> [Exercise]:
In your copy, include every line of the listing below exactly but none of the pictures.

[[ Provided data, beginning ]]

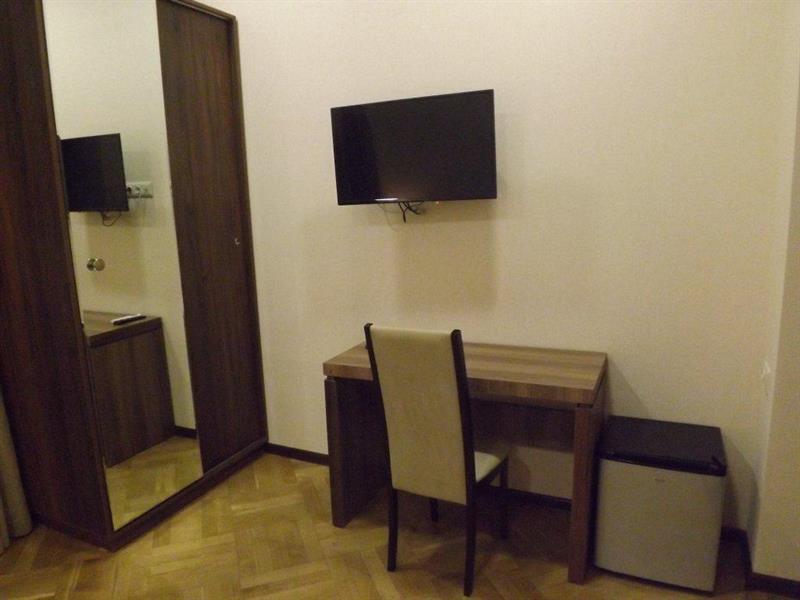 Green Corner Hotel Tbilisi Bagian luar foto
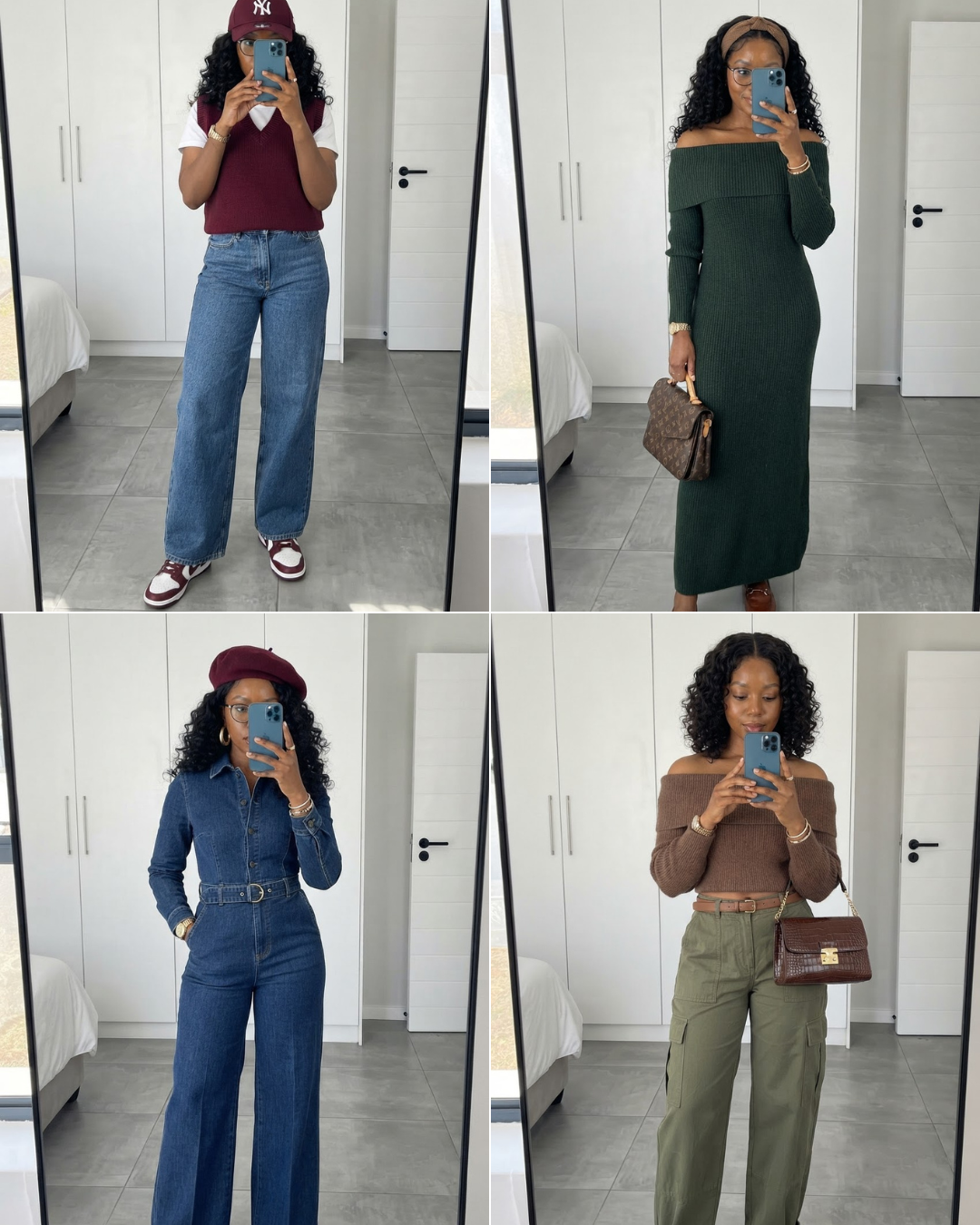 I Rounded Up 27 November Outfits for Black Women I absolutely love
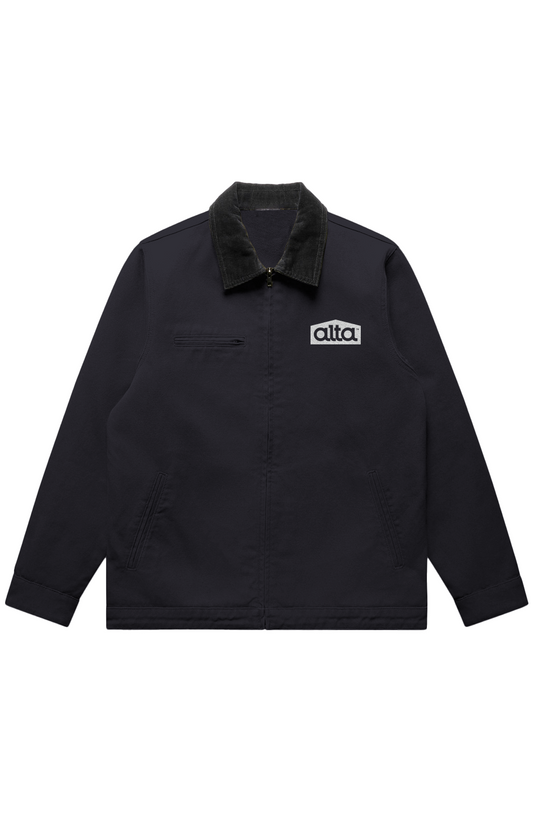 Canvas Work Jacket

[[ Provided data, end ]]

> [Answer space]:
 Green Corner Hotel Tbilisi Bagian luar foto
 I Rounded Up 27 November Outfits for Black Women I absolutely love
 Canvas Work Jacket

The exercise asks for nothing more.